Ohlendorf D H, Orville A M, Lipscomb J D
Department of Biochemistry, University of Minnesota Medical School Minneapolis 55455-0347.
J Mol Biol. 1994 Dec 16;244(5):586-608. doi: 10.1006/jmbi.1994.1754.
Protocatechuate 3,4-dioxygenase catalyzes the aromatic ring cleavage of 3,4-dihydroxybenzoate by incorporating both atoms of molecular oxygen to yield beta-carboxy-cis,cis-muconate. The structure of this metalloenzyme from Pseudomonas aeruginosa (now reclassified as P. putida) has been refined to an R-factor of 0.172 to 2.15 A resolution. The structure is a highly symmetric (alpha beta Fe3+)12 aggregate with a root-mean-square (r.m.s.) difference of 0.18 A among symmetry-related atoms. The tertiary structure of the two polypeptides (alpha and beta) are highly homologous (r.m.s. difference of 1.05 A over 127 C alpha atoms), suggesting that the ancestral enzyme was originally a homodimer with two active sites. Indeed, a non-functional, vestigial active site retains many of the properties of the functional active site but does not bind iron. The coordination geometry of the non-heme iron catalytic cofactor can best be described as trigonal bipyramidal with Tyr447 (147 beta) and His462 (162 beta) serving as axial ligands, and Tyr408 (108 beta), His460 (160 beta) and Wat837 serving as equitorial ligands. The active site environment has a number of basic residues that may promote binding of the acidic substrate. Within the putative active site cavity which is located between alpha and beta chains, five approximately coplanar solvent molecules suggest a position for the planar substrate Trp449 (149 beta), Ile491 (191 beta), defined by Gly14 (14 alpha) and Pro15 (15 alpha). In this position the guanidino group of Arg457 (157 beta) would be buried by the substrate, suggesting a functional role in catalysis.

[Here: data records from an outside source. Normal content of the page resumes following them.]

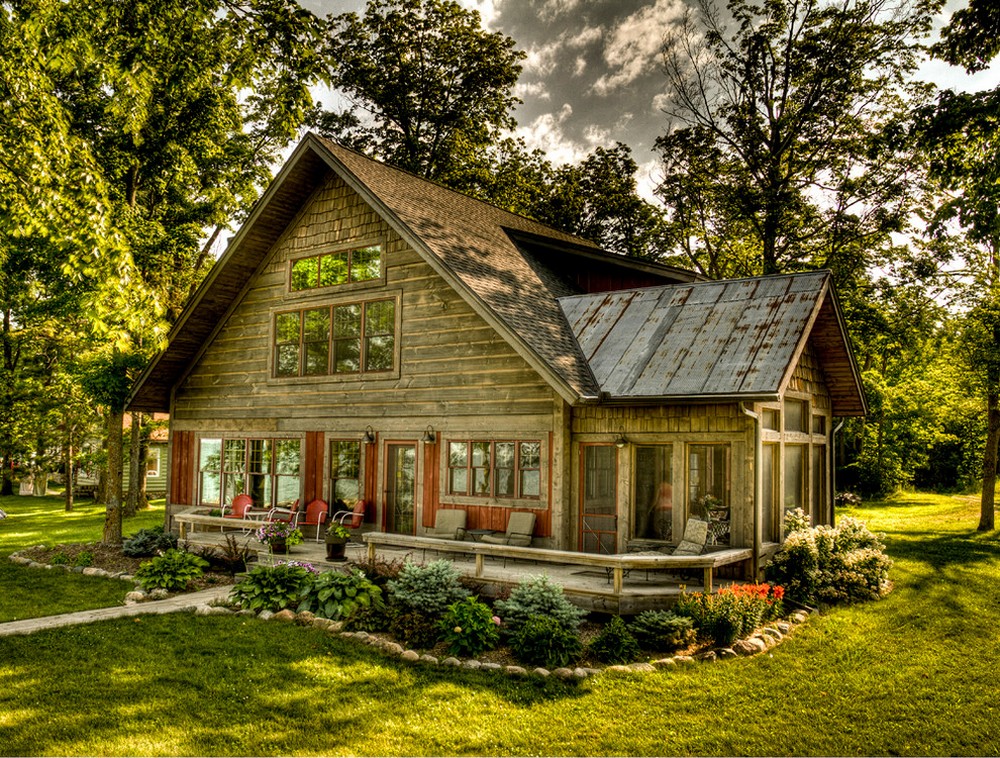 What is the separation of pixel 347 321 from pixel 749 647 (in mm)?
10645

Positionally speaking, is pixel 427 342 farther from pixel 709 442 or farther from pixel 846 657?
pixel 846 657

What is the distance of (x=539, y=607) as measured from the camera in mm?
9711

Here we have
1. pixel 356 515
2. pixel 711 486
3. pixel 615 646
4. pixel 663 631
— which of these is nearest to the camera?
pixel 615 646

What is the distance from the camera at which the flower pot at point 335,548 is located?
12906mm

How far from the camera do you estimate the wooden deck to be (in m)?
10.1

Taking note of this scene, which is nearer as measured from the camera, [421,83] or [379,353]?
[379,353]

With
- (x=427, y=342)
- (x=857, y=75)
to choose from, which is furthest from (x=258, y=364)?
(x=857, y=75)

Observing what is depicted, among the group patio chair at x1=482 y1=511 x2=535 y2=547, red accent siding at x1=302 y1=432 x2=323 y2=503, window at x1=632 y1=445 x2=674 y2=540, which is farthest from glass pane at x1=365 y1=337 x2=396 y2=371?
window at x1=632 y1=445 x2=674 y2=540

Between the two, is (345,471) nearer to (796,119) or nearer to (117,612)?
(117,612)

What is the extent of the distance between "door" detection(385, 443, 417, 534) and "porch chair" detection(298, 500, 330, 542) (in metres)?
1.60

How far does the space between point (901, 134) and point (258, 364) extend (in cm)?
1407

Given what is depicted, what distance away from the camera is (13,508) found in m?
30.7

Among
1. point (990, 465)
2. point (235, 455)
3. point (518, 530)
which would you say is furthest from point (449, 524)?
point (990, 465)

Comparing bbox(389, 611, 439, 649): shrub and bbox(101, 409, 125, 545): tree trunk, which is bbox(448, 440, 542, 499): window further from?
bbox(101, 409, 125, 545): tree trunk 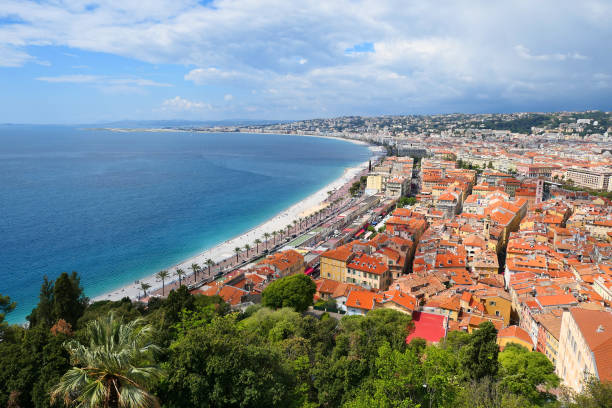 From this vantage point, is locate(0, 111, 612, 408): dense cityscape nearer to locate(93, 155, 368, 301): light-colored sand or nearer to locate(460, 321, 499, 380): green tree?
locate(460, 321, 499, 380): green tree

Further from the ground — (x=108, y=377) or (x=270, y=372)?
(x=108, y=377)

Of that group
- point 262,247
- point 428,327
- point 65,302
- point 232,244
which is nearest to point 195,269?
point 262,247

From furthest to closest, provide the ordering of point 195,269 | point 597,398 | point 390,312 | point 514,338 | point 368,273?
point 195,269 → point 368,273 → point 390,312 → point 514,338 → point 597,398

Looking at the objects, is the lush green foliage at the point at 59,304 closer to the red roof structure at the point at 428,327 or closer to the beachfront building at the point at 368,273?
the red roof structure at the point at 428,327

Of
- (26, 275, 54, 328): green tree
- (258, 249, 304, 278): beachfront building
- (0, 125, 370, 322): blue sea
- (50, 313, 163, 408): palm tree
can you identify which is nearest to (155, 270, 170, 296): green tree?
(0, 125, 370, 322): blue sea

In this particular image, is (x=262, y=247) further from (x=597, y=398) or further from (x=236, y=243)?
(x=597, y=398)

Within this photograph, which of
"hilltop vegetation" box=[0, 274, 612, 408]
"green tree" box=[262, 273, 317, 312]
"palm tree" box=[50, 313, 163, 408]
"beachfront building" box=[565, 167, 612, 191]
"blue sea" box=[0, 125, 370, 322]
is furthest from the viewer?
"beachfront building" box=[565, 167, 612, 191] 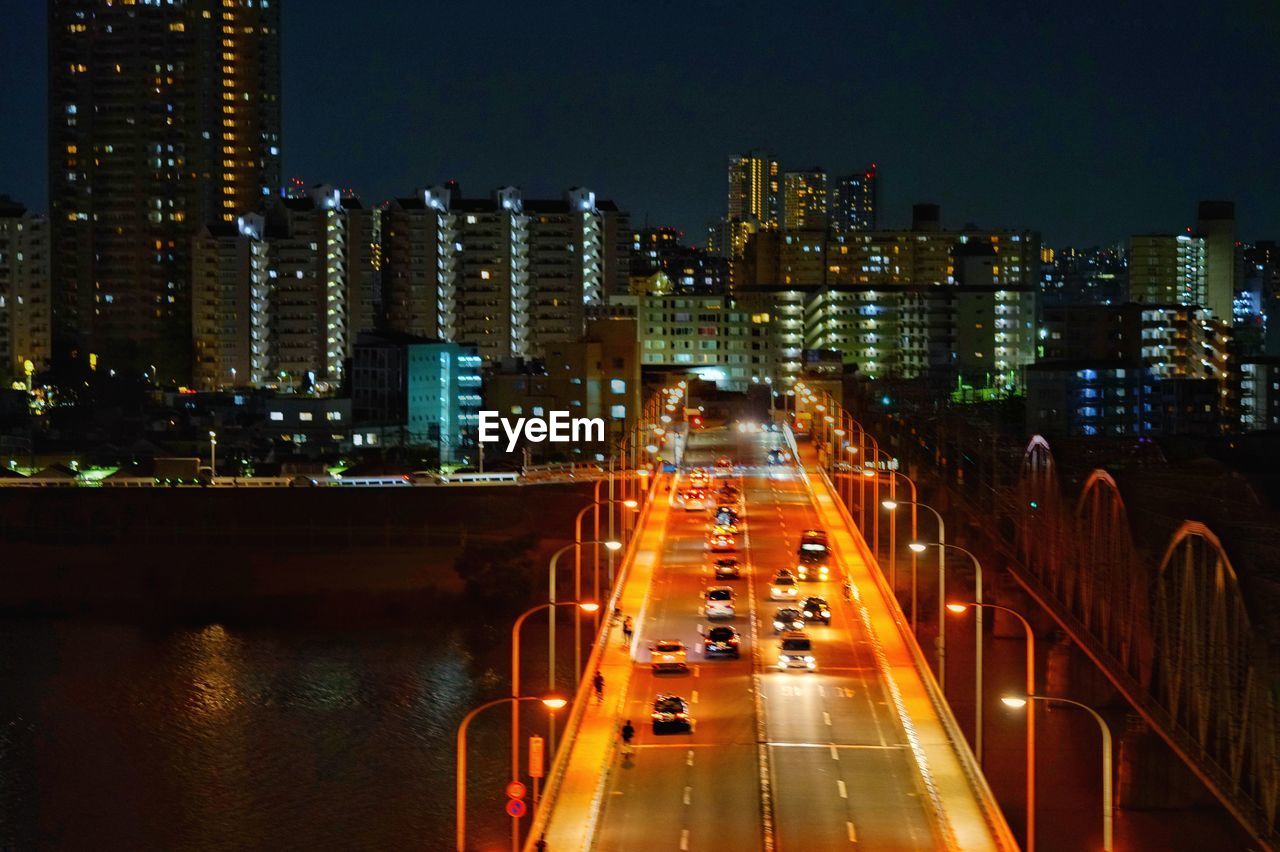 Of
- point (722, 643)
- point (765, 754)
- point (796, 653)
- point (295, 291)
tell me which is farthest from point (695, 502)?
point (295, 291)

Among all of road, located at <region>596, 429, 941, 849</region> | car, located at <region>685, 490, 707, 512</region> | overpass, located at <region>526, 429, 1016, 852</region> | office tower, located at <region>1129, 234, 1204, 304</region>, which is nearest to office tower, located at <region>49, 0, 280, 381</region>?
car, located at <region>685, 490, 707, 512</region>

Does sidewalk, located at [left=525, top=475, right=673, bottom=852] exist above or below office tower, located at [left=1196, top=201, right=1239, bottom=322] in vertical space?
below

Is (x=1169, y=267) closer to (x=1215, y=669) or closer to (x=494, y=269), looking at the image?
(x=494, y=269)

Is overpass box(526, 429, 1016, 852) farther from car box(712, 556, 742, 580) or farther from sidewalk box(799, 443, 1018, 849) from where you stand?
car box(712, 556, 742, 580)

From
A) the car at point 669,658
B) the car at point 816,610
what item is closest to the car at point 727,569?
the car at point 816,610

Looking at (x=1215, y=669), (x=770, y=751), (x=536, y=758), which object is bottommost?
(x=770, y=751)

原儿茶酸3,4 - 双加氧酶通过结合分子氧的两个原子来催化3,4 - 二羟基苯甲酸的芳香环裂解,生成β - 羧基 - 顺,顺 - 粘康酸。来自铜绿假单胞菌(现重新分类为恶臭假单胞菌)的这种金属酶的结构已被精修至R因子为0.172,分辨率为2.15 Å。该结构是一个高度对称的(αβFe3+)12聚集体,对称相关原子之间的均方根(r.m.s.)差异为0.18 Å。两条多肽链(α和β)的三级结构高度同源(在127个Cα原子上r.m.s.差异为1.05 Å),这表明原始酶最初是一个具有两个活性位点的同型二聚体。实际上,一个无功能的、残留的活性位点保留了许多功能活性位点的特性,但不结合铁。非血红素铁催化辅因子的配位几何结构最好描述为三角双锥,其中Tyr447(147β)和His462(162β)作为轴向配体,Tyr408(108β)、His460(160β)和Wat837作为赤道配体。活性位点环境有许多碱性残基,可能促进酸性底物的结合。在位于α链和β链之间的假定活性位点腔内,五个近似共面的溶剂分子表明平面底物Trp449(149β)、Ile491(191β)由Gly14(14α)和Pro15(15α)确定的位置。在这个位置,Arg457(157β)的胍基会被底物掩埋,这表明其在催化中起功能作用。